Managerial rhetoric and narrative legitimacies

Article Type: Post scriptum From: Journal of Organizational Change Management, Volume 23, Issue 2

The present post scriptum has been added by the undersigned upon receiving the last text, which differs from the previous ones in origins if not in theme and theoretical thrust. When I had approached Deirdre McCloskey and Barbara Czarniawska asking for their papers from Barcelona conference, it turned out that Barbara has already offered her paper to the Scandinavian Journal of Management and thus could not oblige. I did not call it a day but persisted, which got me nowhere with Deirdre[1], but somewhere with Barbara. She has namely suggested a paper which she had written with Gideon Kunda on organizational enculturation in infantocracies. I became quickly drawn by their argument, which is fascinating for someone who has always been interested in cynicism and the critique of cynical reason, in the dialectic of the corporate propaganda clashing with the slow discovery and gradual internalization of real ropes and hints lurking beneath the surface of managerial rituals.

As usual, the reconstructions of the “real life” case of a US “boot camp” or of a Swedish “company party” offer a guide to surprising willingness of mature adult individuals to accept their “infantilization” as liberation from pre-organized anxieties and fears. After all, Orwell’s Animal Farm might be prompted by Stalin’s thugs, but “1984” had more to do with his work for the British war propaganda. Victims of the Stalinist show trials in Moscow of the 1930s might have been infantilized into public acknowledgment of their non-existent crimes and sinister links with the most exotic spy networks. But victims of contemporary HRM indoctrination are not less infantile and absurd in their declarations of self-fulfillment and personal growth through harder work and more efficient exploitation of potential competitive advantages. Czarniawska and Kunda try to see these infantile disorders of mature employees through the mirror of three literary documents. The first is fairly obvious: entire oeuvre of Witold Gombrowicz, who died in the Summer of 1969, incidentally losing his chance of being awarded a Nobel Prize in literature (he was very close, second in line around 1969 I believe), is devoted to the “daemon of immaturity.” Czarniawska and Kunda select Gombrowicz’s first novel, Ferdydurke, published in 1937, but they could have equally well relied on later novels (especially Trans-Atlantic or Pornography), theatre plays (The Wedding or Operette) or even essays tout court (Diaries 1953-1969 are all disguised ongoing essay-streamings).

As Czarniawska and Kunda sum it up:

  • In Gombrowicz’s cosmology, socialization as formation – making people victims of Form – leads only to tragedy or to ridicule. An alternative is a preemptive espousal of paradoxes in place of attempts to solve them.
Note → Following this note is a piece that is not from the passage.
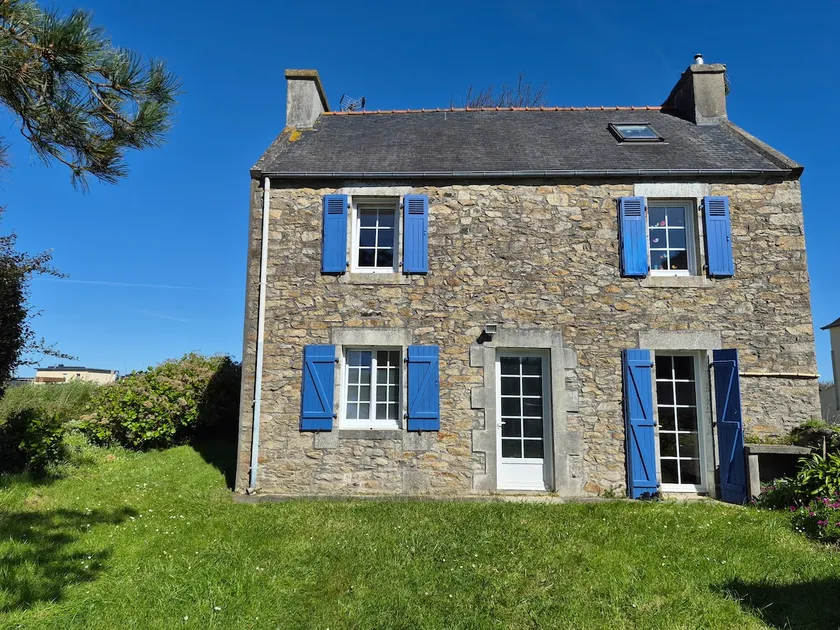 Stone house, cosy interior, sea 350 m away. - Image 1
Awesome and true. This is what you get when humanist upbringing demands ethical table manners from social scientists. More Gombrowicz, less F.B. Skinner. More Nabokov, less E.O. Wilson. More Pynchon, less … oh, well, let us leave something to the imagination of our readers. The only objection I would have, could be directed at the introductory remark that Gombrowicz had to be retrieved from obscurity by recent reflection on “Modernity.” Well, he had been not so obscure since his return from Argentina to Europe and certainly not during his self-imposed “exile” in Vence (close to St Paul de Vence, Grasse, cote d’Azure and the rest of the mythological paradise for the European high arts). Thus, the modernist retrieval found him rather before “recently.” For instance, late Susan Sontag thought it necessary to include him in the portable Pantheon for a committed public intellectual, admiring him as a zealous administrator of his own legend, a skill she was no stranger to herself (“The head commands, or wishes to. The buttocks reign,” in: Where the Stress Falls. The essay on Gombrowicz dates back to 2000). Dominique Roux allowed him to engineer his greatness in post-existentialist cultural climates by conducting a supreme interview, quite reprintable in many languages. Last not least, the extraordinary Polish cultural center of the emigre literary monthly Kultura in Paris, which meant he had been speaking to his native audiences and to their emergent future elites above the fences of the communist cenzorship. Relative marginalization, perhaps. Obscurity, no.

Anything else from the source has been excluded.